§ What to do:
Would you copy the entries that follow exactly, leaving out every picture?

*** Data listing Section Begins ***

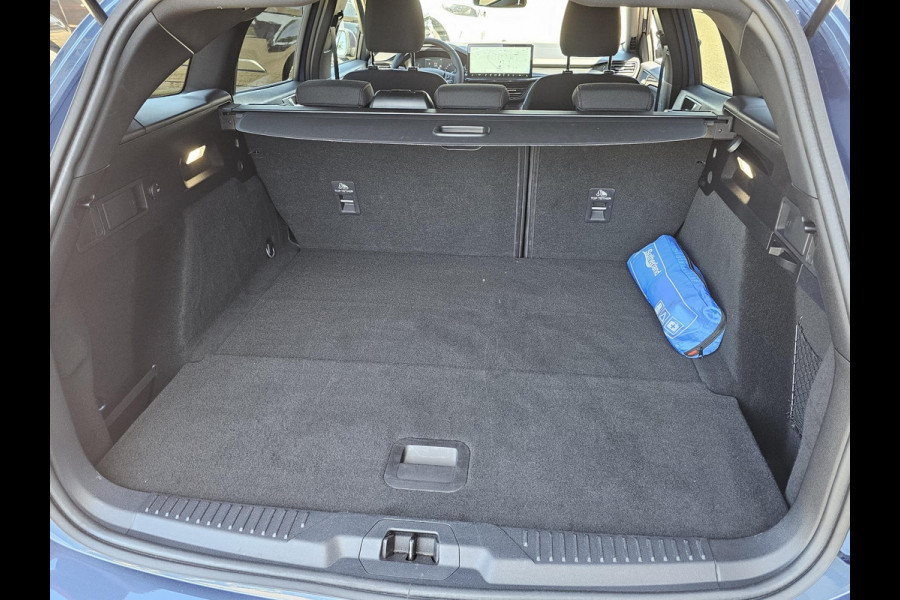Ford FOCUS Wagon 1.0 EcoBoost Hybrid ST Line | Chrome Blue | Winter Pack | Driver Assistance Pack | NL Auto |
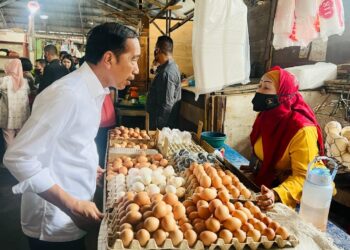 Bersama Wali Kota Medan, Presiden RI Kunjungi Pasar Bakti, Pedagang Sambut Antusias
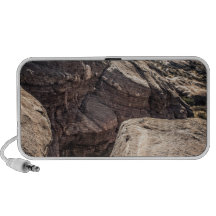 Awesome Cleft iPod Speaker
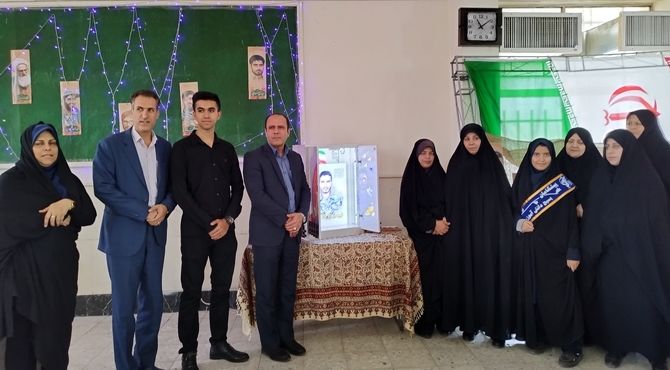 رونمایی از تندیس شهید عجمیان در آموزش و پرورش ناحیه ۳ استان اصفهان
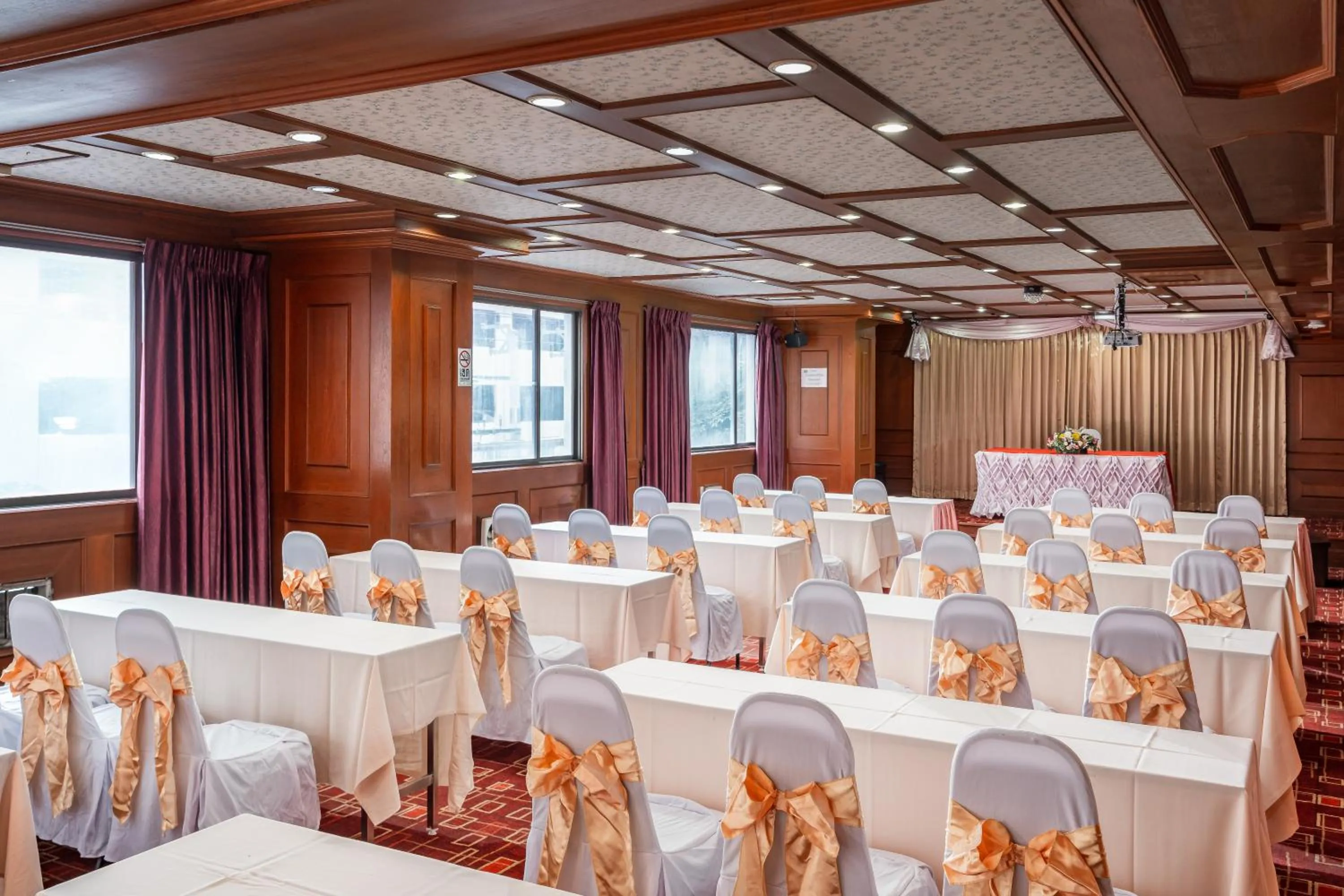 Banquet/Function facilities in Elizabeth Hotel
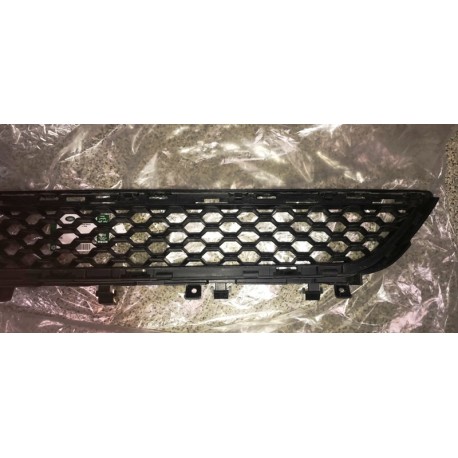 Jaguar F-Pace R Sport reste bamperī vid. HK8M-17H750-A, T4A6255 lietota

*** Data listing Section Ends ***

§ Output of the exercise:
Ford FOCUS Wagon 1.0 EcoBoost Hybrid ST Line | Chrome Blue | Winter Pack | Driver Assistance Pack | NL Auto |
 Bersama Wali Kota Medan, Presiden RI Kunjungi Pasar Bakti, Pedagang Sambut Antusias
 Awesome Cleft iPod Speaker
 رونمایی از تندیس شهید عجمیان در آموزش و پرورش ناحیه ۳ استان اصفهان
 Banquet/Function facilities in Elizabeth Hotel
 Jaguar F-Pace R Sport reste bamperī vid. HK8M-17H750-A, T4A6255 lietota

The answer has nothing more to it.